**Exercise aim:**
The output must consist only of the lines from the one with "Female Toilet braille" through the end of the listing, restated exactly and free of pictures.

**Data excerpt:**
####

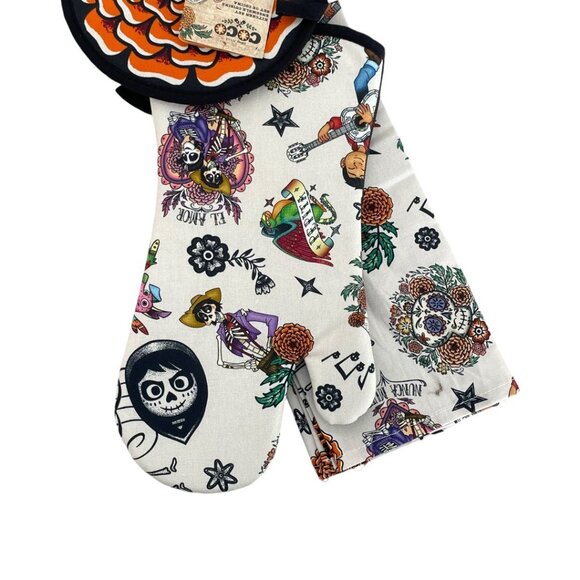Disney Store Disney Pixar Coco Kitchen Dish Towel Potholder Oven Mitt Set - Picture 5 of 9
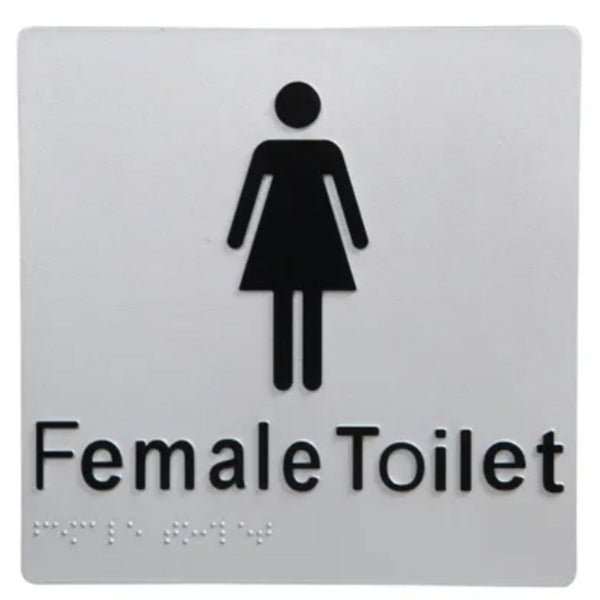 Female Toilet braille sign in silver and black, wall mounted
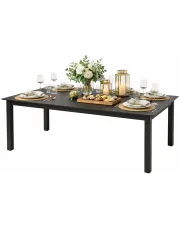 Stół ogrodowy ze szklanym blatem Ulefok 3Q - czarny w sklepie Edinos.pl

####

**Response area:**
 Female Toilet braille sign in silver and black, wall mounted
 Stół ogrodowy ze szklanym blatem Ulefok 3Q - czarny w sklepie Edinos.pl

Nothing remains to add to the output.